Côté cour, LREM, alliée aux Républicains, accable donc les lecteur·trices de frais postaux au prétexte de lutter contre Amazon, côté jardin, elle accorde à l’ogre de la vente par internet ses faveurs financières avec la Poste, sans parler de sa grande tolérance à l’« optimisation fiscale » du géant numérique. Comble, la loi adoptée précise que l’arrêté tient compte des « tarifs proposés par les prestataires de services postaux sur le marché». À quels tarifs postaux fait-on référence : ceux de l’accord secret avec Amazon ou ceux qui sont appliqués au plus grand nombre ?
Pour leur part, les éditions Syllepse exigent :
– La levée du secret commercial qui lie la Poste à Amazon et son extension à tous les acteur·trices de la diffusion du livre ;
– plus généralement, la mise en place d’un tarif postal particulier pour l’envoi de livres qui permettra aux libraires d’assumer ces frais de port et ne pénalisera pas les lecteur·trices.

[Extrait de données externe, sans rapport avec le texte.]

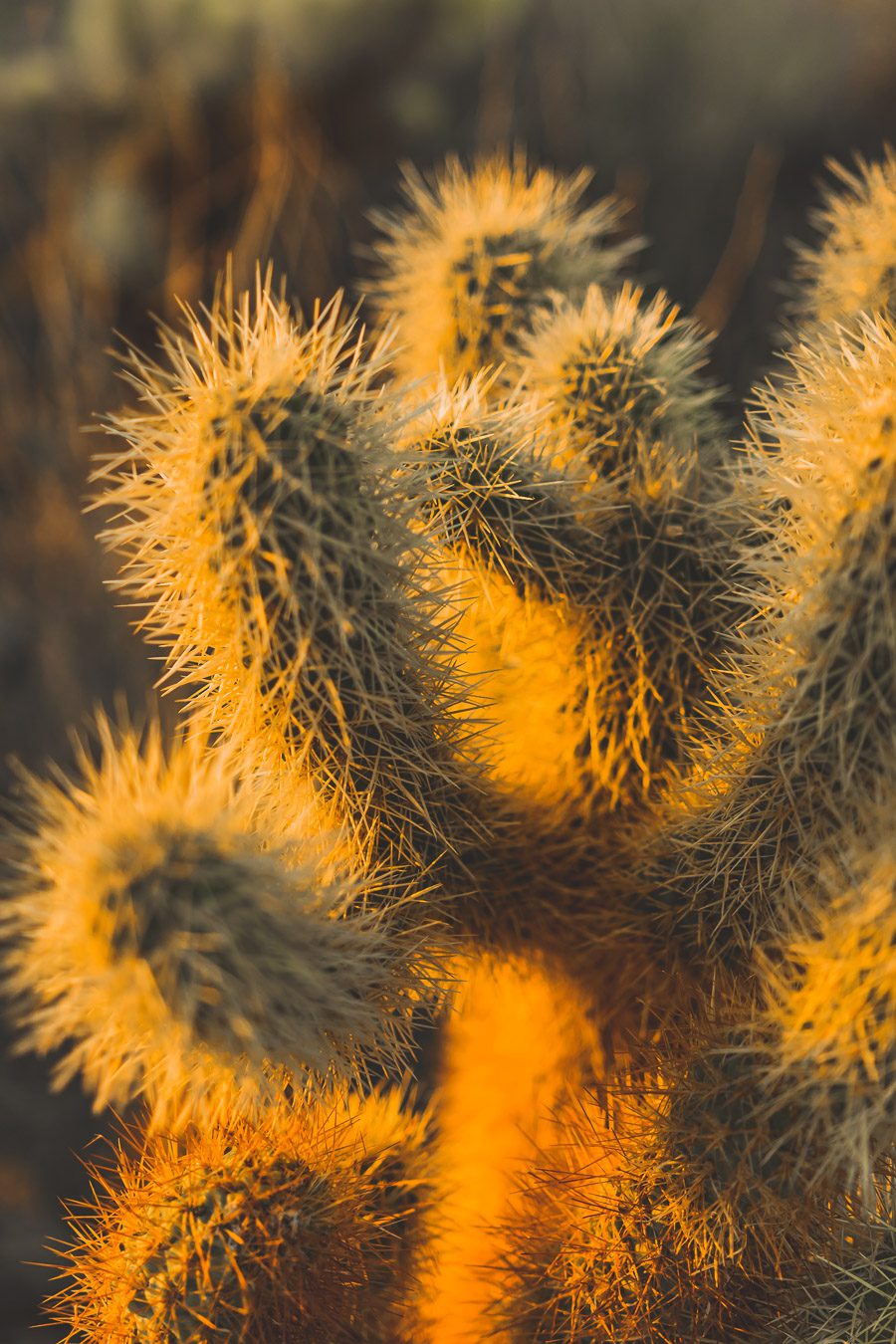 Cholla cactus garden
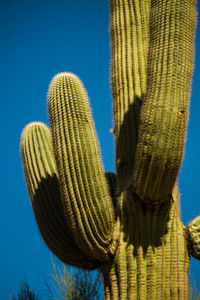 Low angle view of cactus against clear blue sky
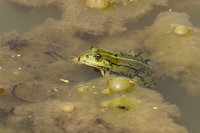 Parc animalier de ste Croix - France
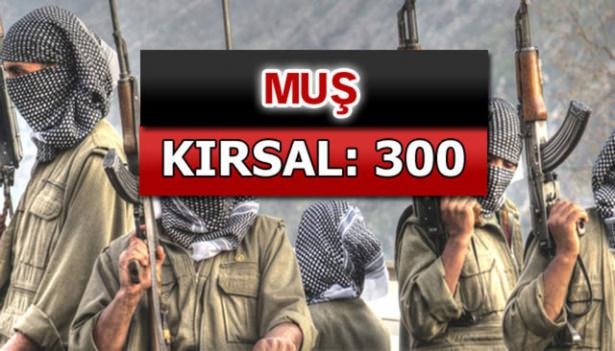 İşte PKK'lı teröristlerin il il dağılımı 55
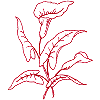 Arum Lily, large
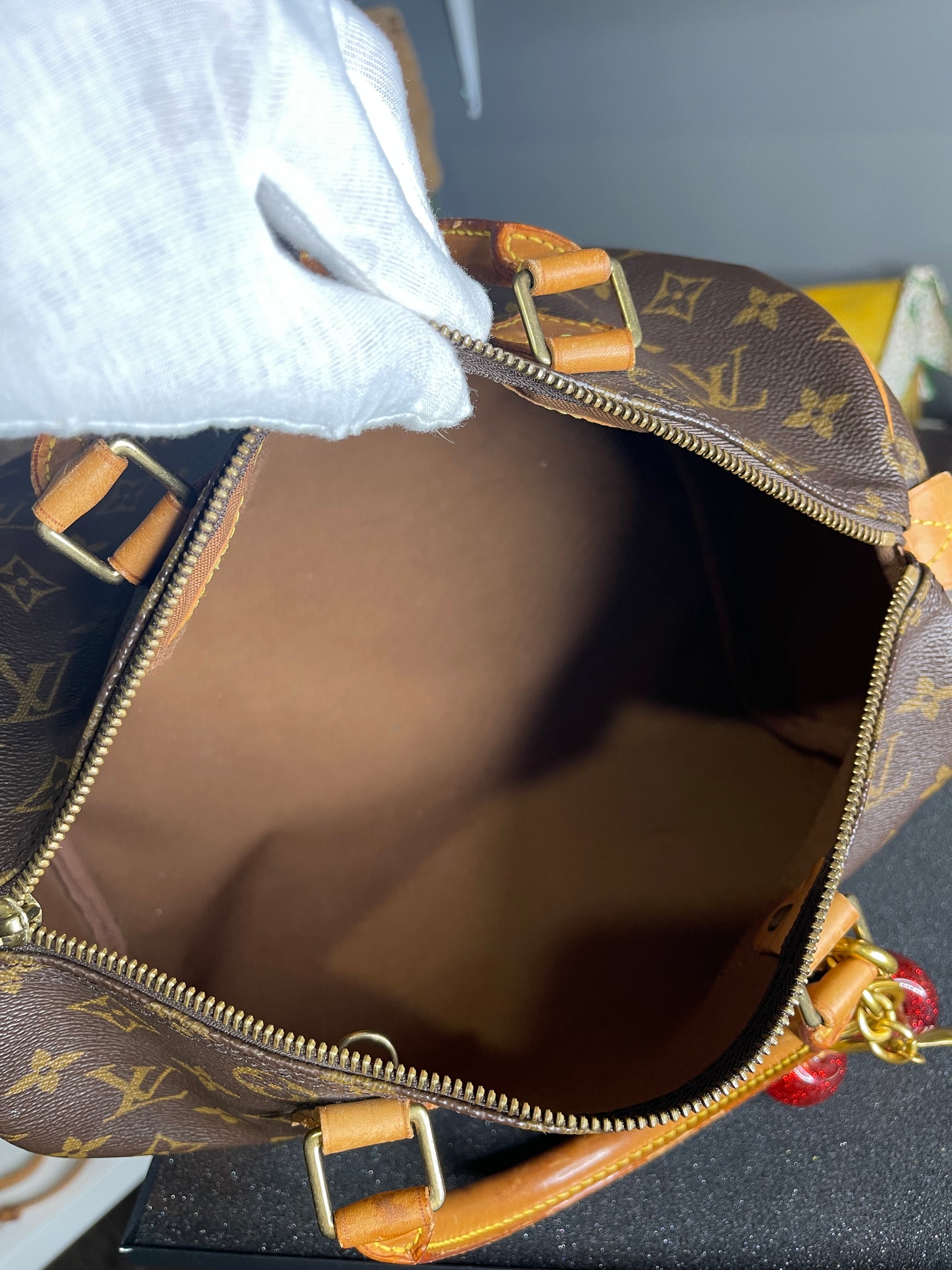 Louis Vuitton Speedy 30 LV Monogram Satchel Bag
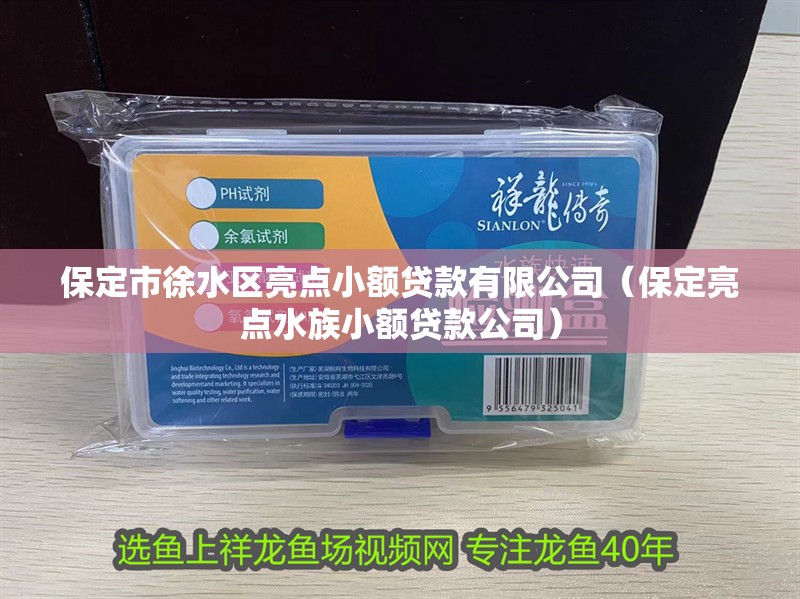 保定市徐水區亮點小額貸款有限公司（保定亮點水族小額貸款公司）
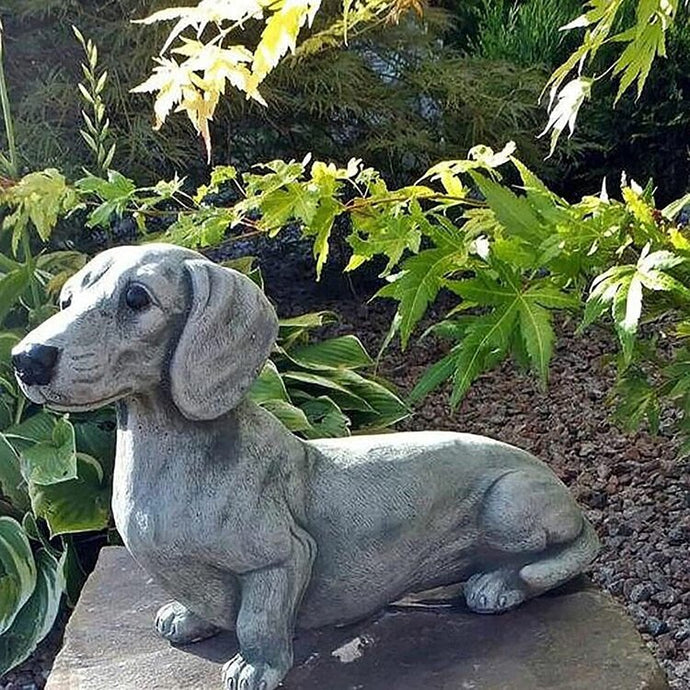 Image of a timeless dachshund garden statue sitting in the garden around lush green leaves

Nous n’oublions pas non plus les salarié·es d’Amazon qui se battent pour l’amélioration de leurs conditions de travail et la reconnaissance de leurs droits élémentaires face à une entreprise qui fait montre en permanence d’une rare violence anti-sociale. Le dernier exemple en date étant les manœuvres éhontées ont elle a fait preuve contre les travailleur·euses de son dépôt dans l’Alabama (ÉtatsUnis) pour les décourager de se syndiquer.